Even the most talented — the most passionate — of us have limits, and being in overdrive all the time can be pretty wearing. It’s something akin to being Morgan Stanley in Super Size Me. At first, eating only McDonald’s food seems a fun thing to do, but in the end one is relieved that it’s all over. “You begin to resent the mechanics. When you make mistakes or don’t feel up to it, just keep going, there is no rest bite. It just carries on and on and on,” Andrew Gaffney said when he compared football writing to video games.
One seems phlegmatic. Big teams find it hard to gather motivation for every match.
The public, however, aren’t showing too much resentment towards the intemperate amount of football.
The bygone World Cup was “a record-breaking event for streaming TV”, as per Conviva CEO Bill Demas.
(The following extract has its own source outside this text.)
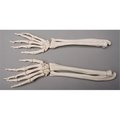 Skeletons And More Skeletons and More SM372D Forearms  Left and Right SM372D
In China, despite the late broadcast at 11 o’clock at night, the final between France and Croatia scored the largest audience for a sports program since the Beijing 2008, Eurodata TV pronounced. Moreover, NBCUniversal’s Telemundo broadcasts were viewed by 57% of the United States’ Latino population.
The price of broadcasting right sets are increasing across all top European leagues, and are now worth an average of more than €1 billion euros per season. Even Premier League’s TV ratings are rising (once again) and recovering from the concerning 2016–17 season.
In short, the signs are indicating that we are not getting enough of football anytime soon. The money we’re pouring in, however, is hurting the game we love — in the long run at least. It’s hard to predict what happens next, but one thing’s for certain: this route is unsustainable.